Regional planning, transparency and open data
Chairs: Núria Espuny. Directora general de Transparència i Dades Obertes de la Generalitat de Catalunya
Mar Santamaria. Urban planner, 300.000km/s
Can we map cities differently? Instead of just a descriptive mapping based on buildings, roads, rivers, hills… can we map other information such as social or public assets? Yes, we can add layers to maps that include not only morphology, but behaviours, sensations, emotions.
We can, for instance, map electrical consumption in the city at the block level. This can be helpful not only to know where consumption is, but to map poverty and social exclusion by tracking the determinants of specific electricity consumption patterns.
Mapping not only assets, but uses, can be useful to find out how the social contract is being subverted by misuses of formerly agreed public assets.

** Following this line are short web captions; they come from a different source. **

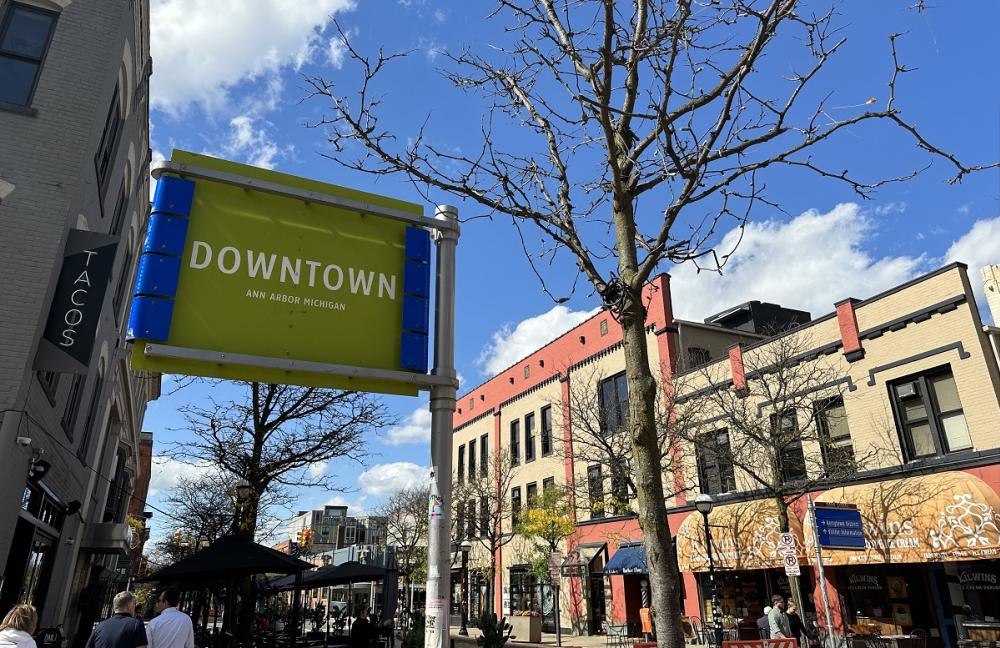Downtown Ann Arbor district signage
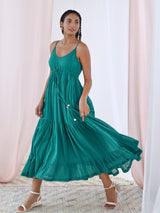 Green Cotton Voile Flared Maxi Dress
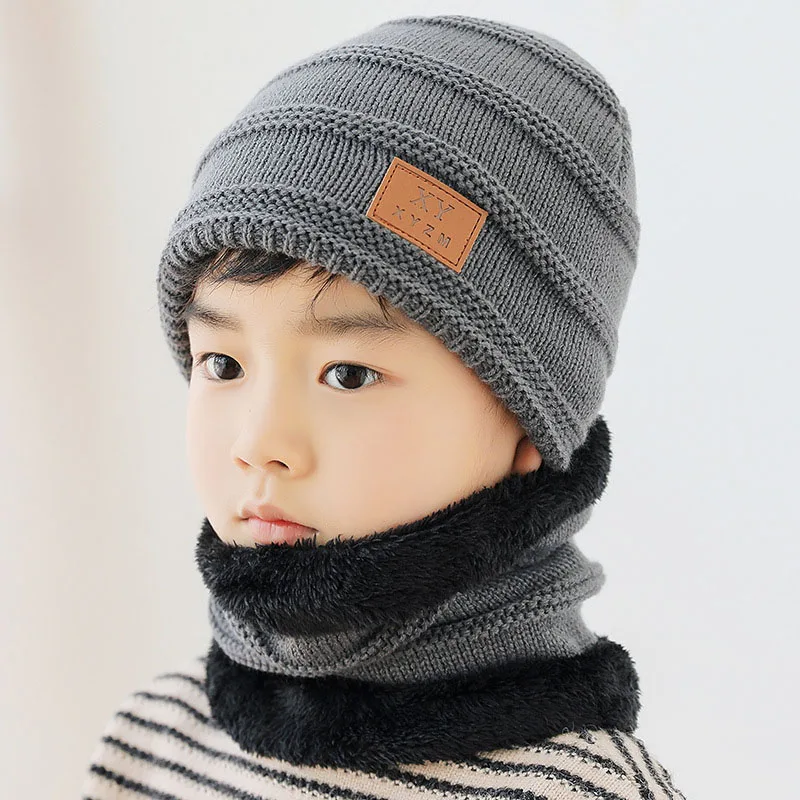 48-54 см модная теплая утолщенная зимняя шапка с отворотами, вязаный шарф, комплект детской шапки в Корейском стиле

We can also map last-mile usage of public infrastructures, especially roads and streets. One can plan the city perfectly and find out that e.g. delivery of online purchases destroy all your planning. Mapping the way delivery services work and plan how this is happening can be done by using open data and it is a new way for urban planning.
This is the case of the Use planning of Ciutat Vella (PDF) that mapped the usage or urban assets in the Barcelona district of Ciutat Vella (old downtown). Beyond planning, it deals about looking at citizens as an asset and as an active actor.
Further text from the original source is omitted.